Meeting date: Tuesday, October 1, 2019

Meeting of the Parliament 01 October 2019

Agenda: Time for Reflection, Business Motion, Topical Question Time, Control of Dogs (Scotland) Act 2010 (Post-legislative Scrutiny), Committee Announcement, Decision Time, Citizens Advice Services in Scotland (80th Year)


Committee Announcement

The next item of business is a committee announcement. I call Bob Doris, the convener of the Social Security Committee, to make an announcement on the committee’s inquiry into benefit take-up.


As convener of the Social Security Committee, I am pleased to announce that we have launched an inquiry into benefit take-up. Statistics from Her Majesty’s Revenue and Customs and the Department for Work and Pensions estimate that, in 2016-17, only 31 per cent of families without children who were eligible for working tax credit and only 60 per cent of those eligible for pension credit claimed the benefits that they were entitled to.

Because of the difficulties in estimating eligibility, the full number of benefits that go unclaimed is unknown, but we want to explore how take-up rates for the reserved and devolved social security benefits can be improved. The committee will investigate some of the reasons why people do not claim and whether it is to do with stigma associated with benefits, a general lack of awareness around entitlement or the complexity of the application process. We want to investigate what can be done to address the issue, so we will look at previous efforts to promote take-up and investigate, for example, how technology can be used to automate some benefits.

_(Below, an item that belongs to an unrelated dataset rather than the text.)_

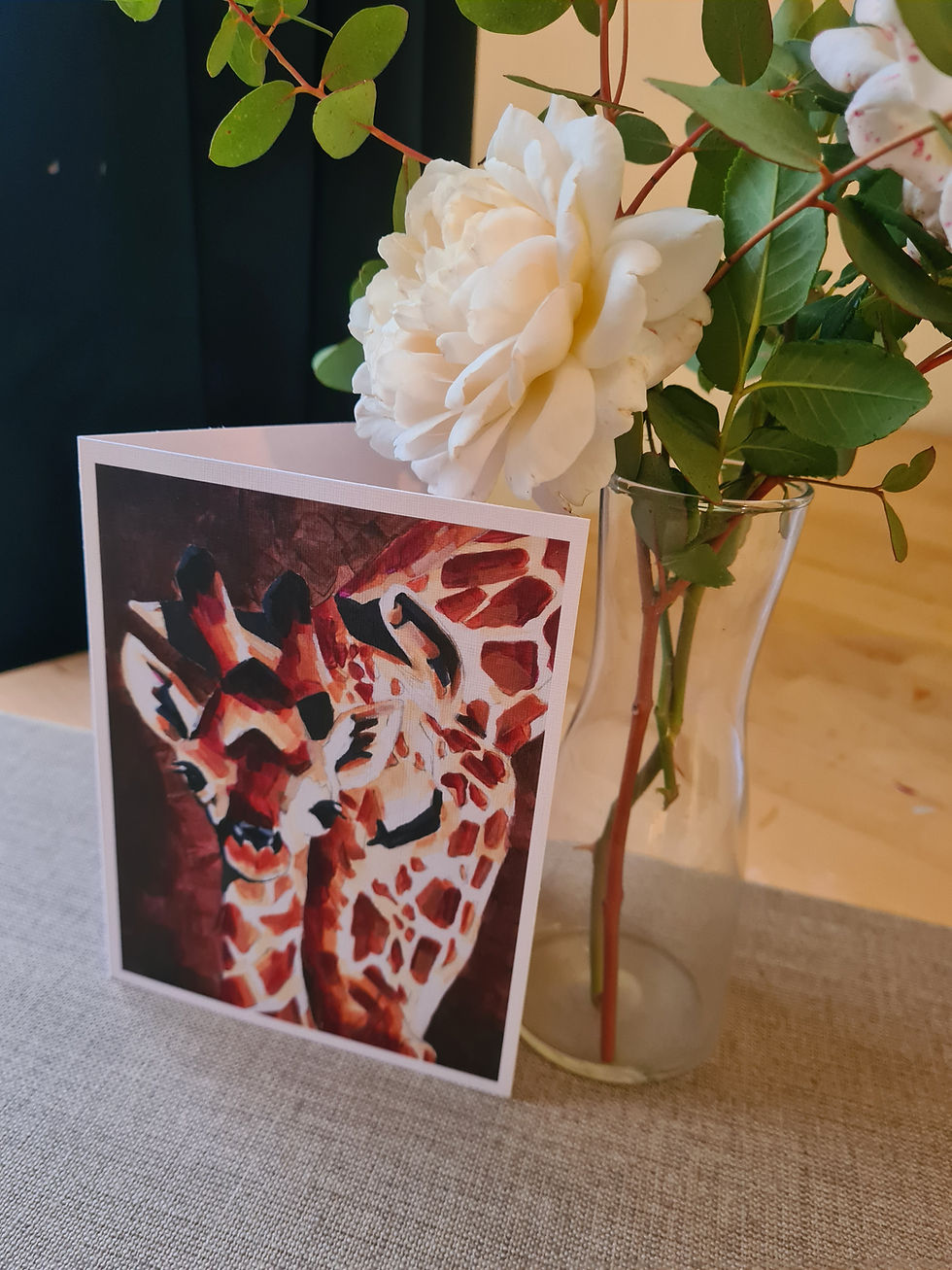 Miniature : Carte 70 - Girafon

Later this month, the Scottish Government will publish its benefit take-up strategy, which will set out how the Government intends to promote take-up of the new Scottish social security benefits. As entitlement to some of those benefits is linked to being in receipt of a United Kingdom benefit, we will explore what impact that promotion work could have on the take-up of those UK benefits.

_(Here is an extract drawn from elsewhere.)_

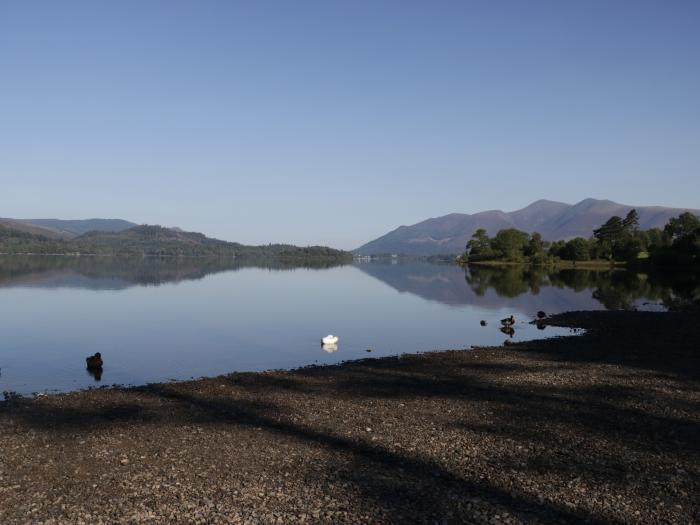 Apartment 1, is in Keswick, Cumbria. Ground-floor apartment in national park. Riverside views. Pets.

To inform our views, we are engaging with stakeholders, organisations and individuals to answer nine key questions, which I will set out. What do we know about how much is unclaimed and why? What are the gaps in knowledge and research and how can those gaps be reduced? How can the administration of benefits be improved to maximise take-up? How can technology be used as far as possible to create a more automated system that uses information that is gathered for other reasons to award benefits automatically, and what would be the advantages and disadvantages of that greater automation? What can we learn from previous campaigns to increase take-up? Are different approaches required for different benefits and client groups? What kinds of eligibility criteria ensure better take-up? How might the development of Scottish social security impact on the take-up of reserved and devolved benefits? Are there other questions that the stakeholders or MSPs think that we should consider as part of the inquiry?

As well as taking written and oral evidence, the committee wants to hear from people with lived experience of the benefits system. In the run-up to challenge poverty week, which starts next Monday, some members of the committee will visit the Glasgow North West Citizens Advice Bureau to hear from advice workers and their clients about some of the reasons why people do not claim the benefits that they are entitled to.

We look forward to reporting back to the Parliament with our findings and recommendations in the new year.

Thank you, Presiding Officer, for the opportunity to make the announcement.